Overall sentiment is improving: “A net 20 percent of investors now believe the global economy will strengthen in the coming 12 months – a rise of three percentage points month on month”, says the statement, also less concerned about the outlook for corporate profits – a net 11% expecting a fall in profits in the coming year, down from a net 28 percent in September. “However, expectations of a sharp bounce in earnings fell back with a net 58 percent saying double digit earnings gains are unlikely in the next year, up from 55 percent in September”, the statement added.
Equity allocations rose significantly month-on-month. A net 24 percent of asset allocators are overweight equities, up from a net 15 percent in September. Fund managers increased allocations to seven of the 11 global sectors, including banks and industrials. Allocations to the eurozone and global emerging markets increased, but allocations to Japan fell to a three-year low.

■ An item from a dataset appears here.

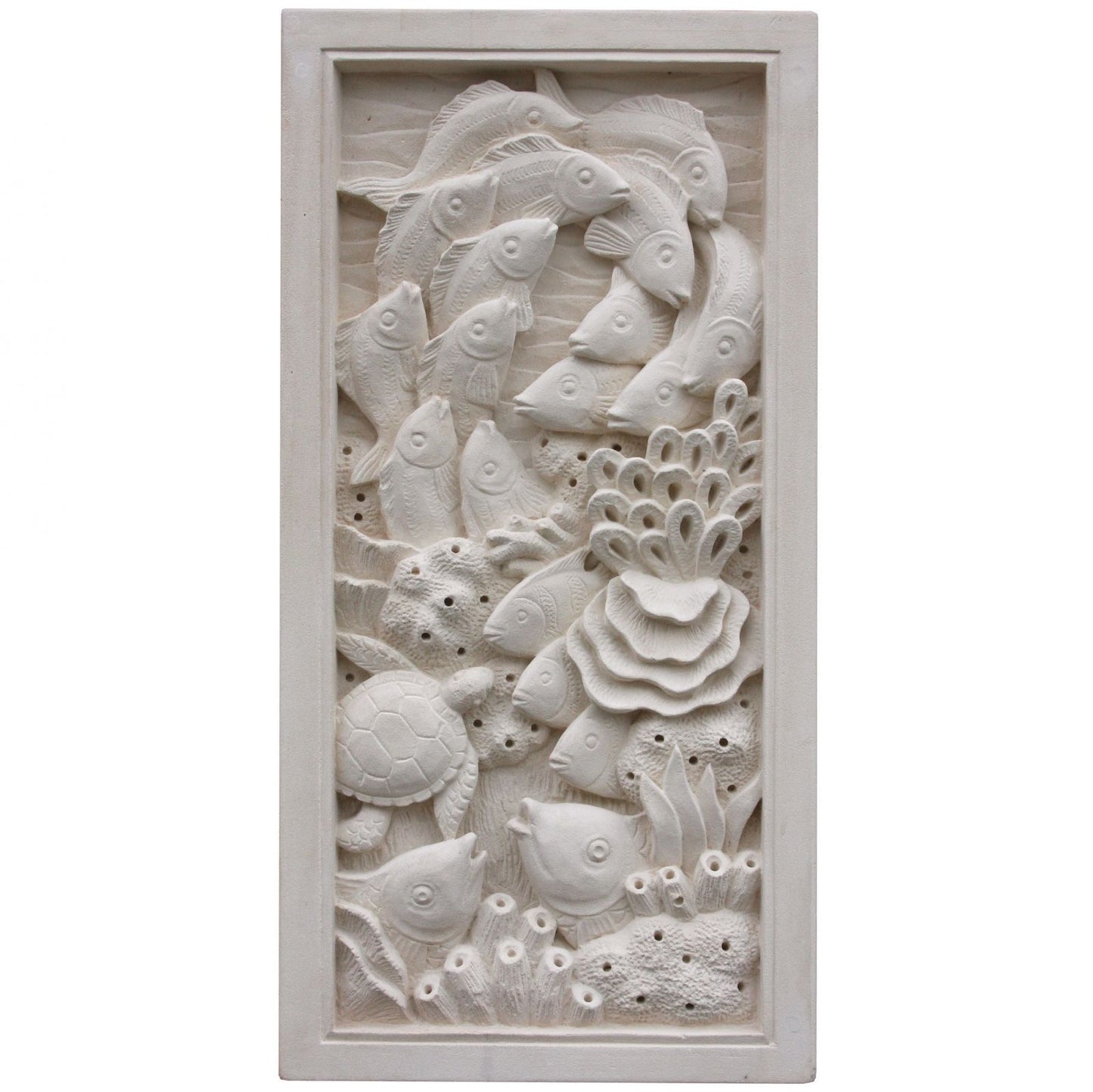 Hand Carved Coral Reef Stone Wall Plaque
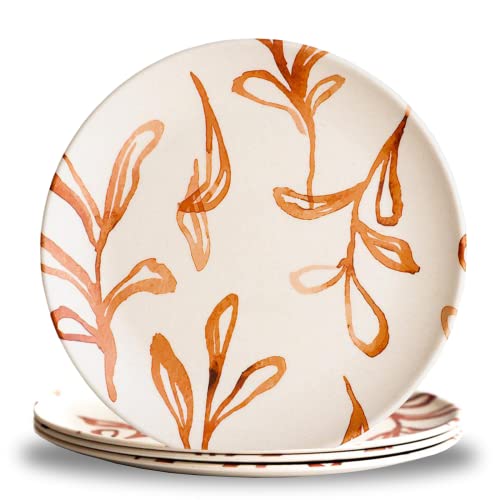 Nook Theory 4-Pack Bamboo Fiber Dinner Plates - Bamboo Plates Reusable, Unbreakable Plates, Food-Grade, Dishwasher Safe Plates - Kids Plates, Toddler Plates For Home, Outdoor (Wildflower) #TOP23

“While the U.S. fiscal cliff is a hurdle, growing belief in the global economy could spur a more ‘risk on’ stance from investors,” said Michael Hartnett, chief investment strategist at BofA Merrill Lynch Global Research.
“The outlook for European equities is improving, eurozone fears are receding and appear largely priced into equity risk premia; core government bonds offer negative real yields so the impetus to rotate into stocks in Europe, as the outlook stabilizes, is profound,” said John Bilton, European investment strategist at BofA Merrill Lynch Global Research.